O cliente da Urbem é a marca de chocolates Dengo. Fundada em 2017, a startup é conhecida pelo seu modelo “bean to bar” — da amêndoa do cacau ao tablete de chocolate — e utiliza ingredientes 100% brasileiros. Atualmente, a loja possui 19 unidades espalhadas em quatro estados diferentes.
Pautada em seu principal pilar, a sustentabilidade, a Dengo tinha o desejo de construir sua mais nova loja, localizada na Avenida Paulista, na cidade de São Paulo, utilizando madeira. O desafio era grande, pois, até então, o Brasil não possuía nenhum edifício multipavimento erguido com a matéria-prima.
O projeto teve início em 2020 e foi desenhado por Matheus Farah e Manoel Maia, da MFMM Arquitetura. Ainda incubada na Amata/SA, a Urbem auxiliou com todo o desenvolvimento técnico e com o fornecimento das lajes feitas de madeira laminada cruzada — mais conhecida como CLT. “Como nós não tínhamos uma fábrica na época, nós importamos o produto da nossa parceira KLG que, na Europa, foi a desenvolvedora da tecnologia de CLT, para que pudéssemos testar como funcionaria na prática”, explica Bastos.
Já as vigas e as colunas ficaram sob responsabilidade da Rewood, fabricante nacional da madeira lamelada colada (MLC). A diferença entre as tecnologias — ambas de eucalipto e pinus oriundas de áreas de reflorestamento — é que a primeira é produzida pela união de pelo menos três camadas de madeira coladas entre si de maneira ortogonal, ou seja, cada superfície é colada com a fibra aplicada a um ângulo de 90 graus em relação à anterior.

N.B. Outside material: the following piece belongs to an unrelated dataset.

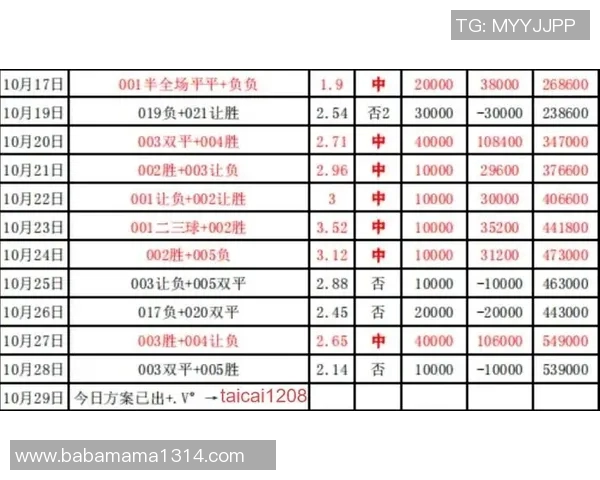 足球比赛表全面解析各大联赛赛程及精彩对决一览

A MLC, por sua vez, é feita a partir da união de lâminas de madeira coladas uma sobre a outra com as fibras paralelas.
Bastos afirma que, passado o processo de planejamento, o tempo de execução da construção em si foi impressionante. “Um prédio de quatro andares que, numa situação convencional, demoraria cerca de quatro meses para ser construído, foi erguido em três semanas, com apenas três pessoas montando”, conta. Localizado na Avenida Paulista, próximo ao Instituto Tomie Ohtake, o espaço da Dengo possui uma área construída de 1.499,38 metros quadrados. Para o projeto, foram utilizados 150 metros cúbicos de CLT e 233 metros cúbicos de madeira lamelada colada.
Para a CEO, o case foi uma ótima forma para validar conceitos que ainda estavam um tanto nebulosos para a startup, como as questões regulatórias de licenças e aprovações da tecnologia no Brasil. Além de ser mais rápida e silenciosa, Bastos ressalta a redução de resíduos como um dos grandes benefícios de utilizar a madeira engenheirada como solução construtiva em oposição à matriz convencional de materiais.
A experiência que nós tivemos tanto na Dengo quanto com bases em estáticas que acompanhamos lá fora, é que a madeira engenheirada quase não gera resíduo porque as placas que são produzidas na fábrica já servem para alimentar a caldeira, então esse resíduo tem esse valor energético garantido na indústria. E o que vai para o canteiro já está recortado no formato do projeto, então, você apenas monta e não deixa resíduo na obra.”